On my way to class moments later, I was passed by a guy walking a huge doberman pinsher on one side and a minuature pinsher (or minsher pinsher as I call them) on the other. It was like Dr. Evil and Mini-Me. I tried not to laugh as I passed this guy (after all, he was walking two dobermans), but I was thinking that he looked ridiculous with these two dogs. Almost as ridiculous as I looked with 7 cards and a kit kat bar.
Friday, April 28, 2006
Thursday, April 27, 2006
Good Morning, Starshine
I know I've been missing for a while, and my loyal fan (hi Mel!) has probably been wondering where I've been. To celebrate my return, I thought I would write a (hopefully) non-law school post. Maybe it will be good enough to get me linked to my sister's blog.

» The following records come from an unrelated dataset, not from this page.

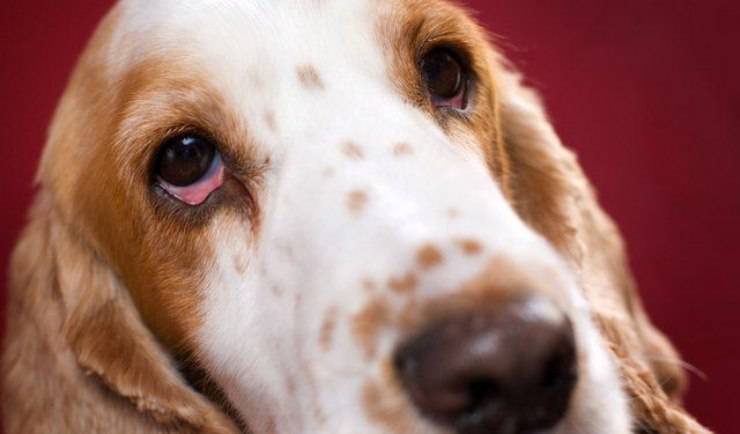 malattia dell'occhio del cane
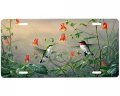Hummingbird License Plate 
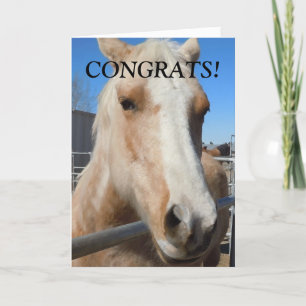 Grappig Professioneel Afstuderen Gefeliciteerd Paa Kaart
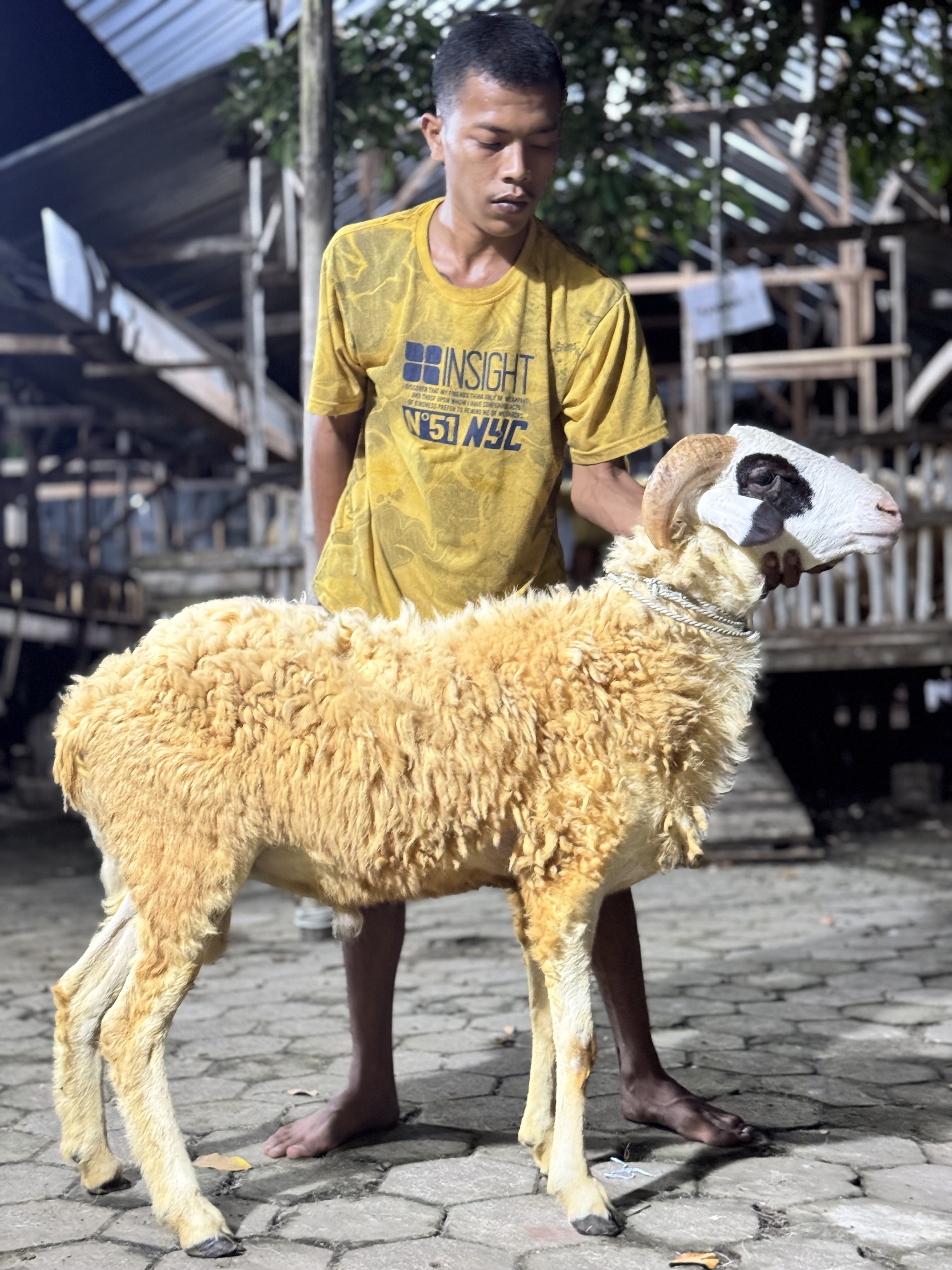 Sapi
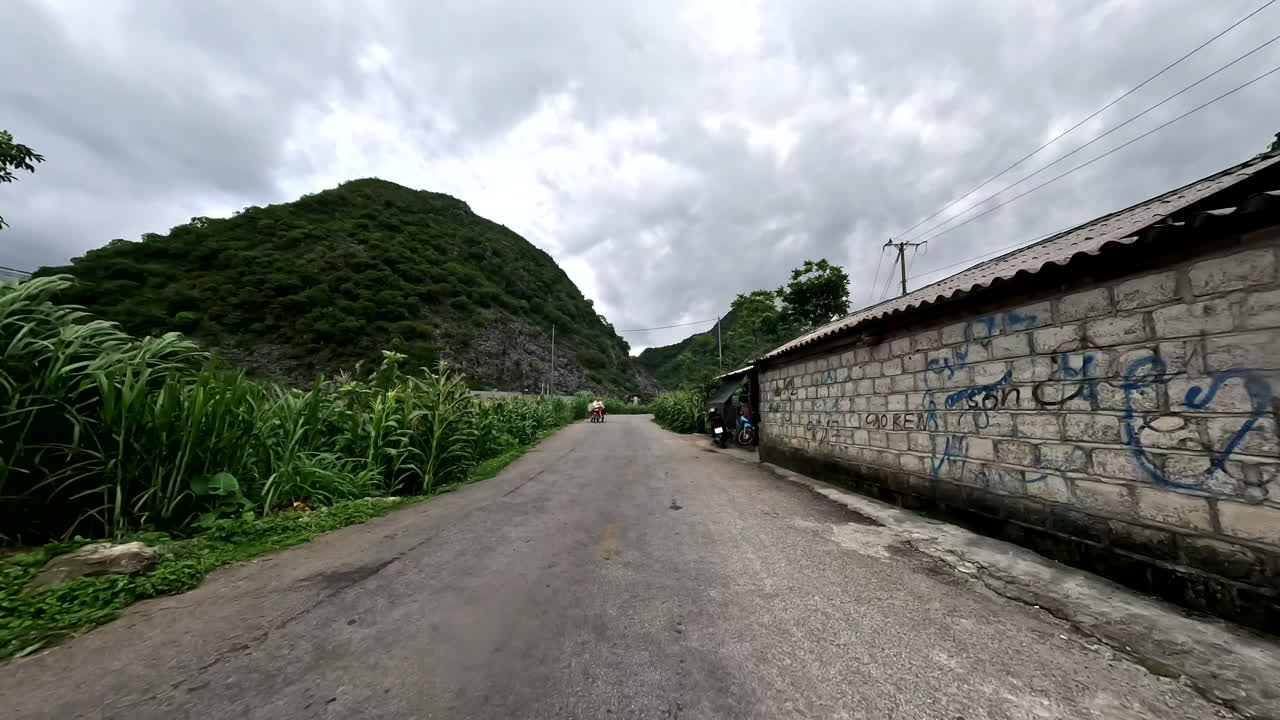 Country Road Through Cornfields In The Village Of Ha Giang Province In Northern Vietnam. POV Shot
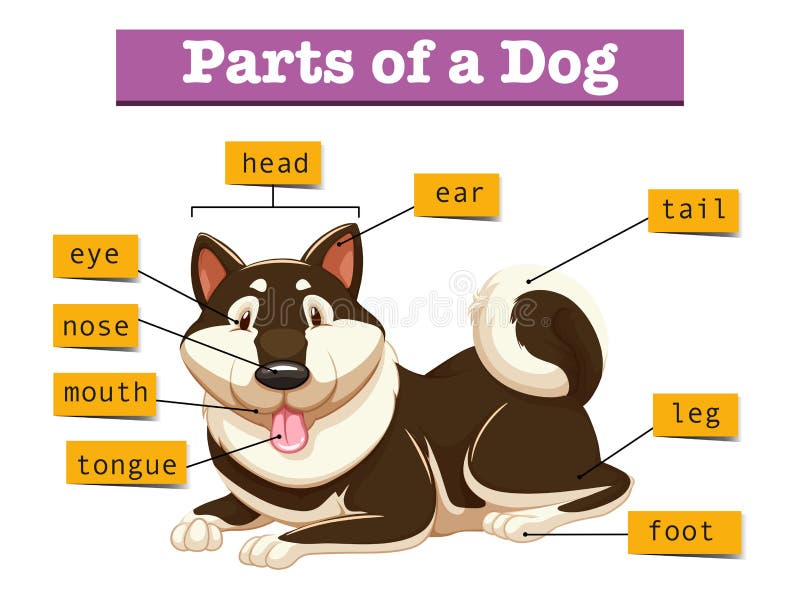 what are the different parts of a dog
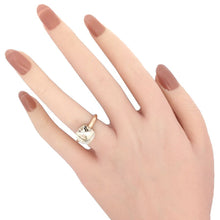 画像をギャラリービューアに読み込む, Pomellato&lt;br /&gt;ヌード
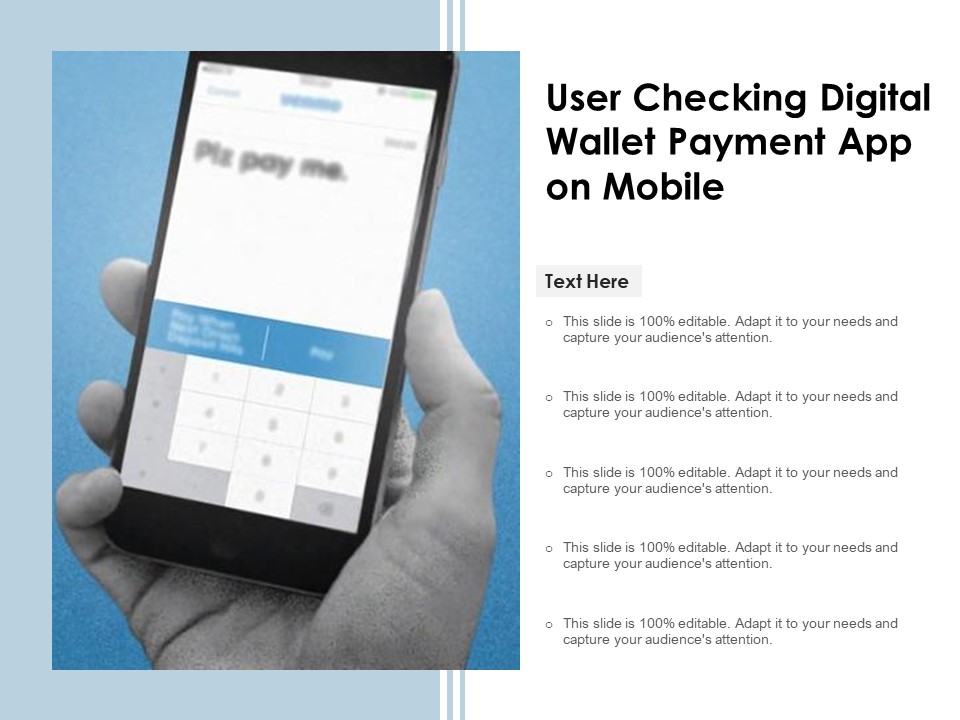 User Checking Digital Wallet Payment App On Mobile Ppt PowerPoint Presentation Gallery Rules PDF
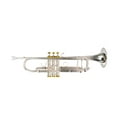 thumbnail image 2 of DTR-800SG Trumpet, silver plated finish, gold plated valve caps,Hexagonal shaped valve caps Bb, with case and mouthpiece, 2 of 4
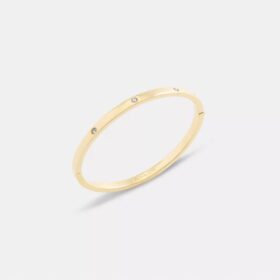 Essential Hinged Bangle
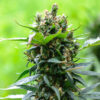 CBG Critical Mass Cannabis Seeds | Genetics Master Seeds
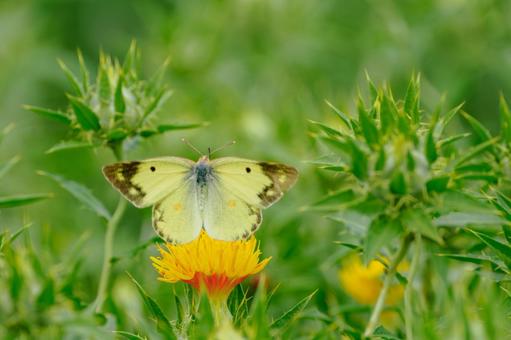 Monad butterfly (44), JPG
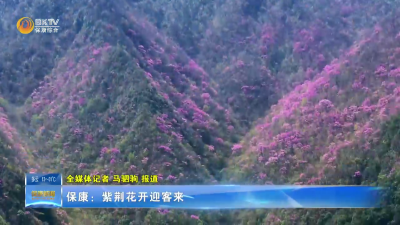 保康：紫荆花开迎客来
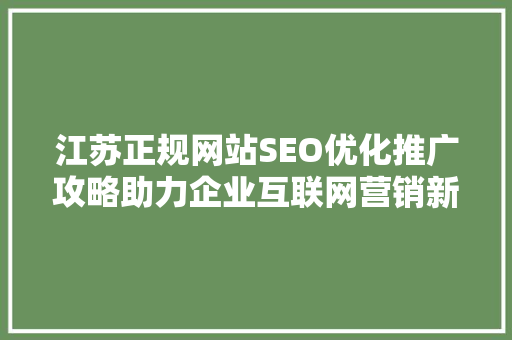 江苏正规网站SEO优化推广攻略助力企业互联网营销新篇章
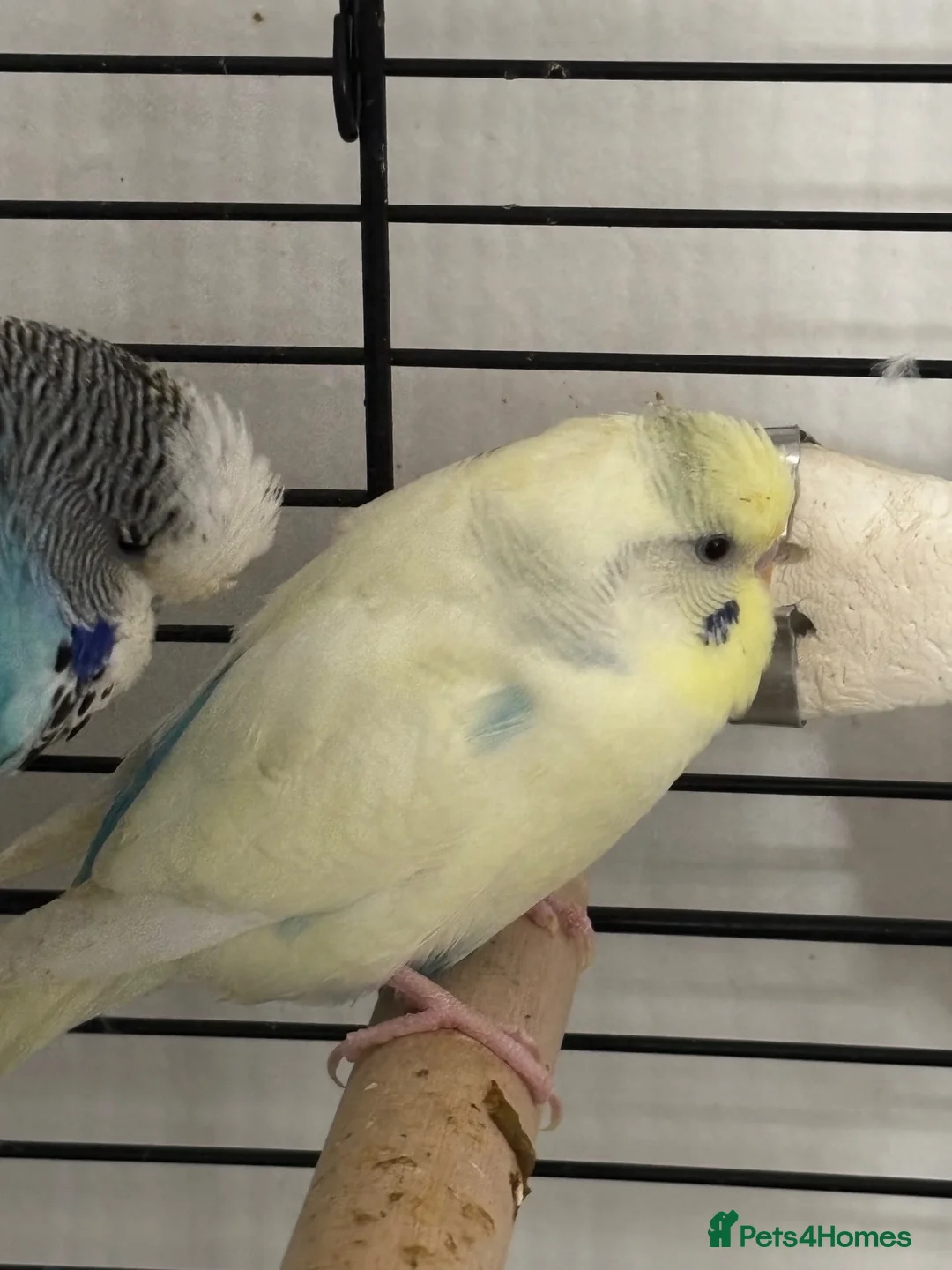 Budgerigars birds for sale: pair of budgies for sale in Fareham - Advert 1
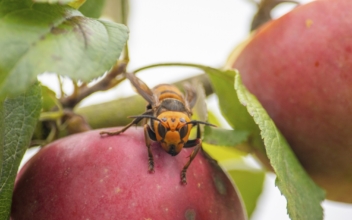 Washington State Responds to Invasive Hornet Species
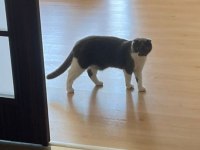Tatlı scottish fold kızım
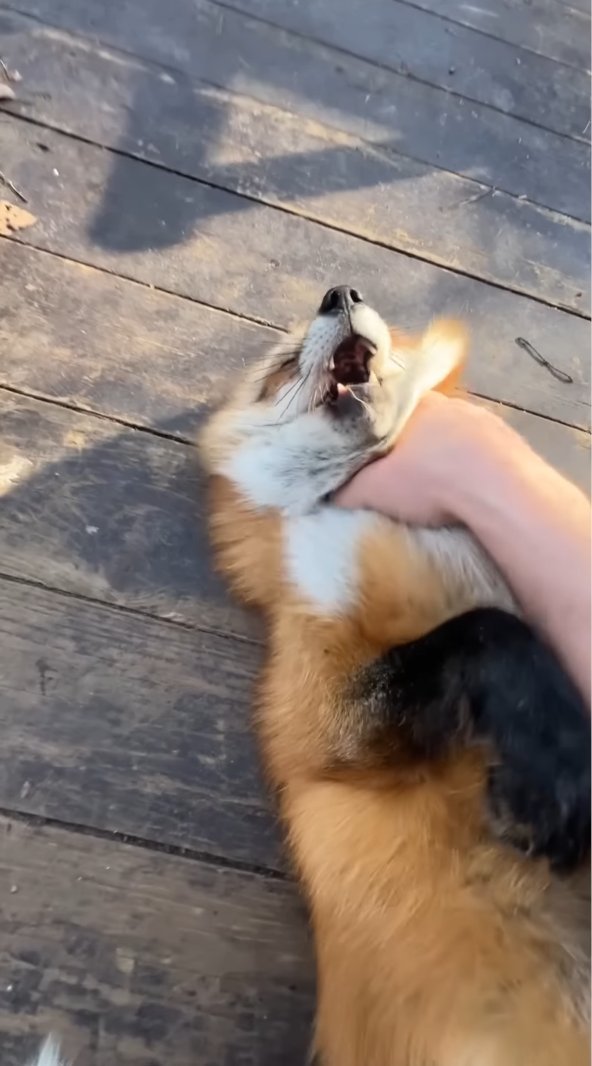 狐狸[超话] 阿丽莎不是猫又是猫 ​​​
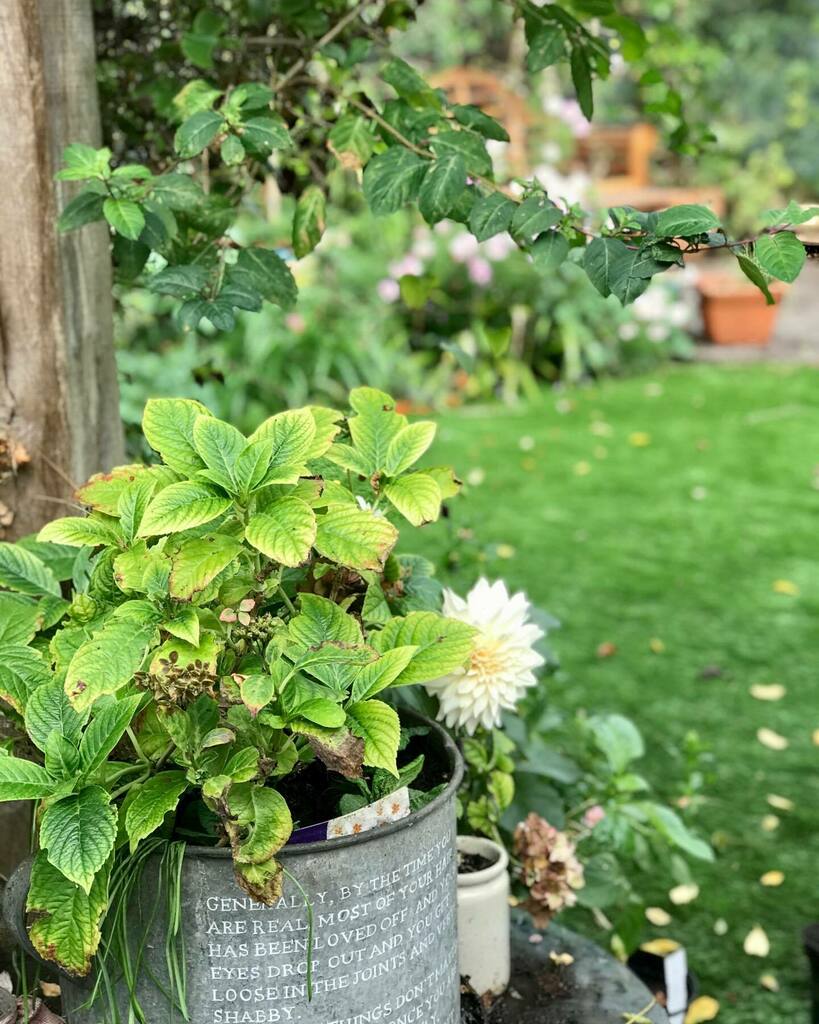 HomeattheHeart1's tweet photo. 💚 G A R D E N  G R E E N S 💚

Blousy dahlias, hydrangea heads, and shocking pink cosmos putting on a late flurry. All is definitely good in the garden!
💚
.
.
.
#homeattheheart #gardengreens #embracingtheseasons #howdoesyourgardengrow #englishcountrygarden #dahliaseason #hydr… https://t.co/YPowFDTjT1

So mom got me this Hallmark card organizer to help separate the piles of cards she seems to think I have laying around the house. It's very nice, and almost as worthless as extremely expensive receipe box she got me last Christmas. It turns out that I only have about 5 unused cards, and the organizer came with 3 of those. It makes me want to acquire cards so that they can be organized. This is how Hallmark gets you. They convince you that you will be considered the most put-together and thoughtful person on the block because you always remember every little occasion (have you seen those commercials? Advertisting brilliance) and then shame you into buying unneccessary cards because your organizer sits empty. It reminds me of my favorite advertising ploy: create a problem and then offer a product to fix it. No one even knew they were sufferers until you came along and told them how to get better. Genious.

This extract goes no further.